→ Task to carry out:
Among the entries below, the lines from the one with "Front of Unit 82, 3400 Paul Anka Drive" up to and including the one with "1215 N Victoria" are to be restated exactly, without pictures.

→ Task inputs:
%%

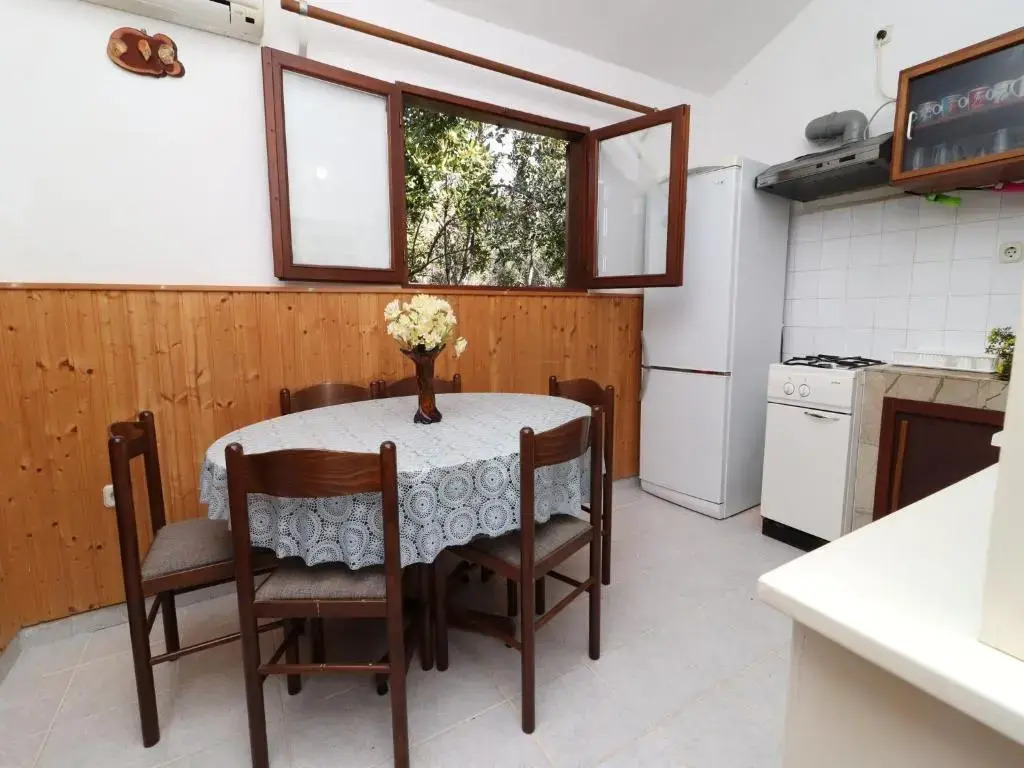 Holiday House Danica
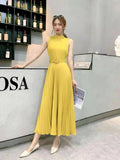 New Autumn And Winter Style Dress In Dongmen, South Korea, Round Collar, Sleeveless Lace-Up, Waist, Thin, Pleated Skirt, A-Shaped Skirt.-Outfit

%%
%%

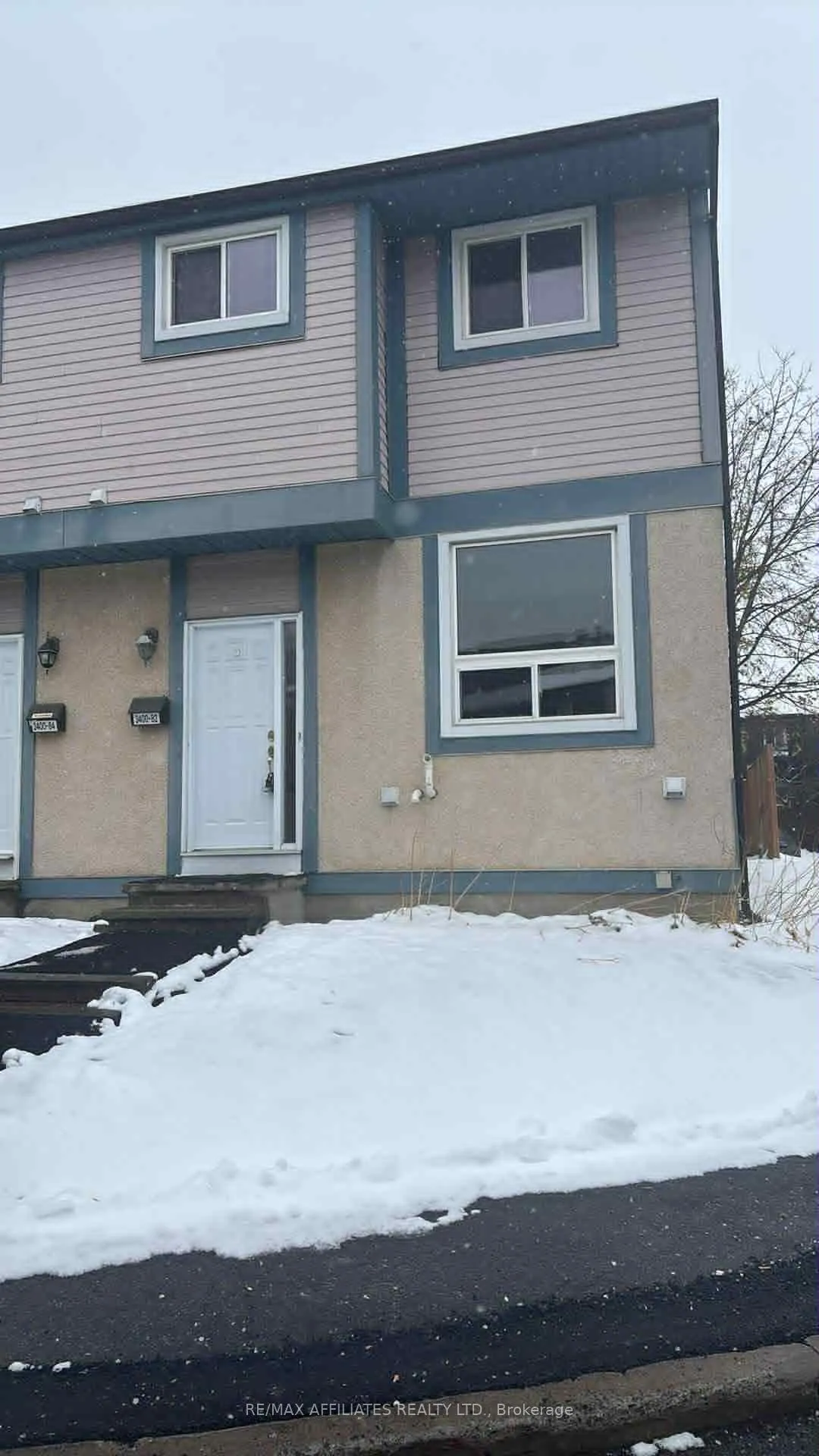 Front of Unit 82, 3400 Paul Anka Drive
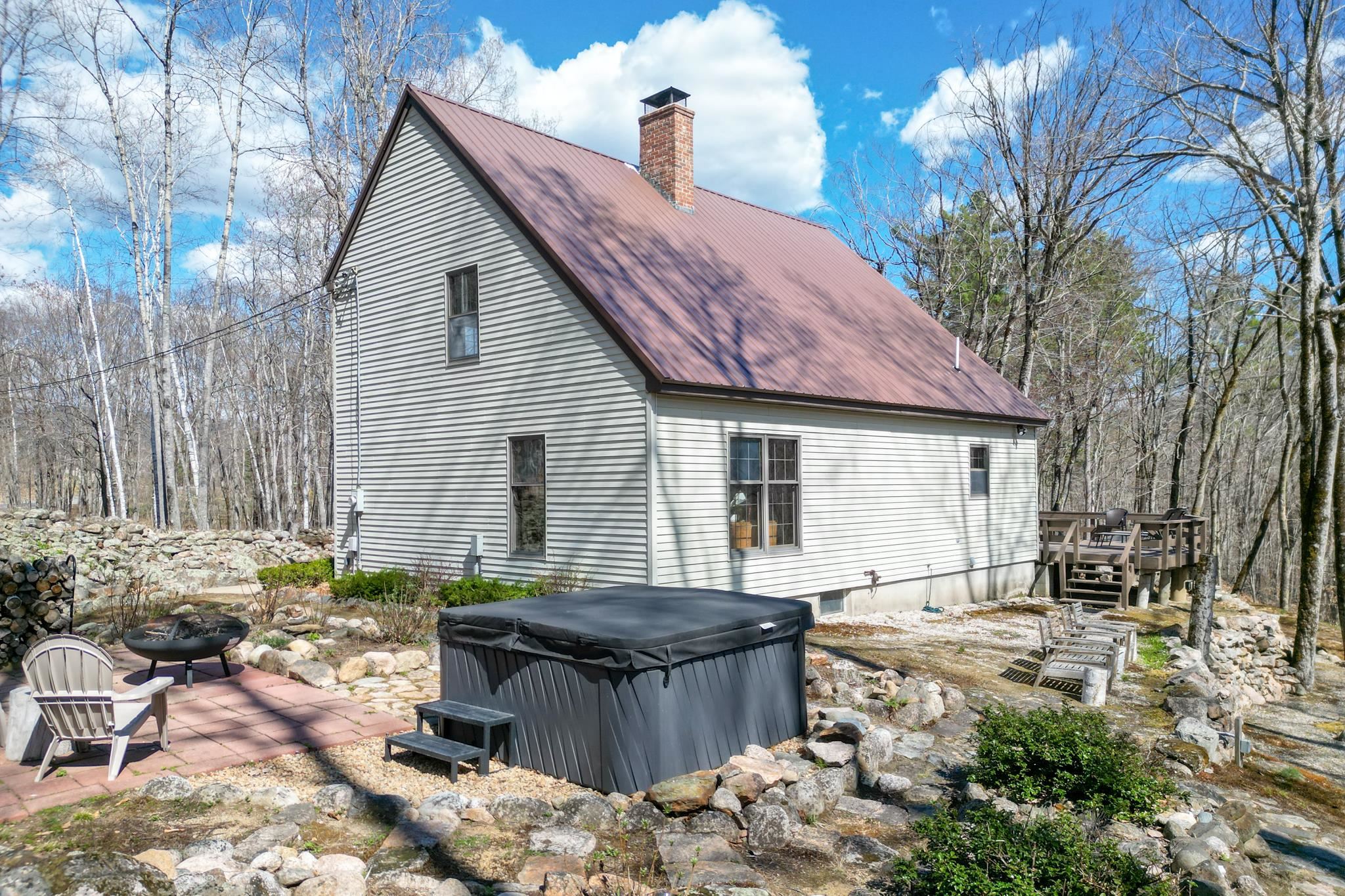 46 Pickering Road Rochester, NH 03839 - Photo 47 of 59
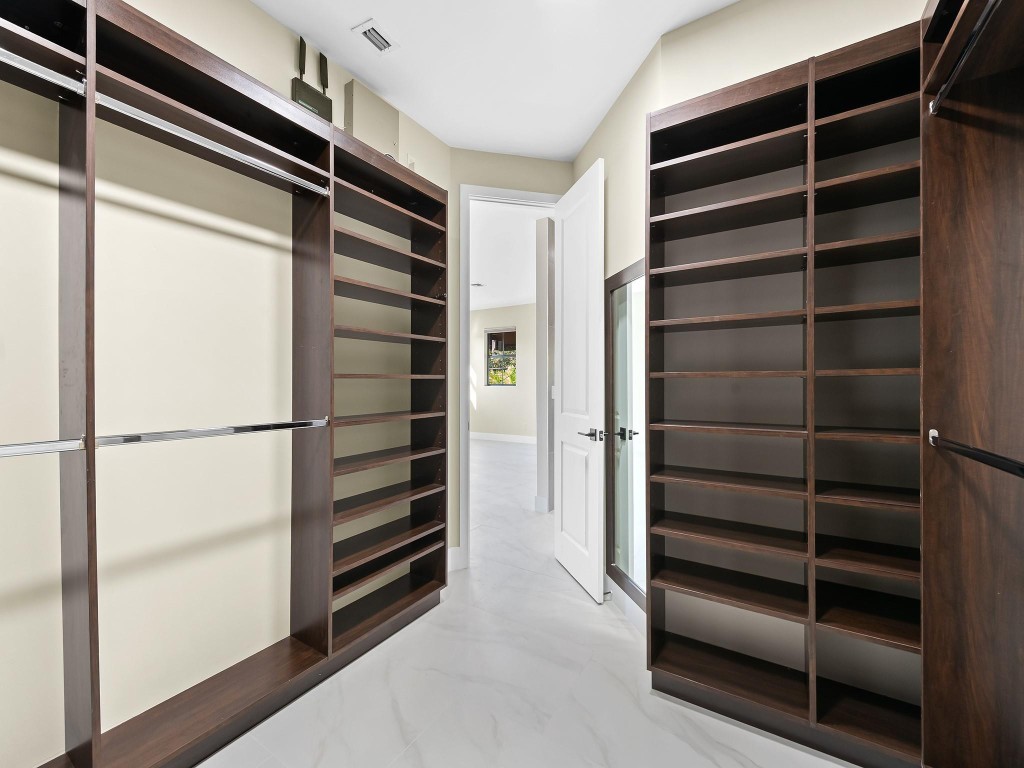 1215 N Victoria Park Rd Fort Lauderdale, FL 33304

%%
%%

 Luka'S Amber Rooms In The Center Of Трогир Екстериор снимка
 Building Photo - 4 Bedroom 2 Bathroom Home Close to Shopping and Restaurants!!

%%

→ Exercise output:
 Front of Unit 82, 3400 Paul Anka Drive
 46 Pickering Road Rochester, NH 03839 - Photo 47 of 59
 1215 N Victoria Park Rd Fort Lauderdale, FL 33304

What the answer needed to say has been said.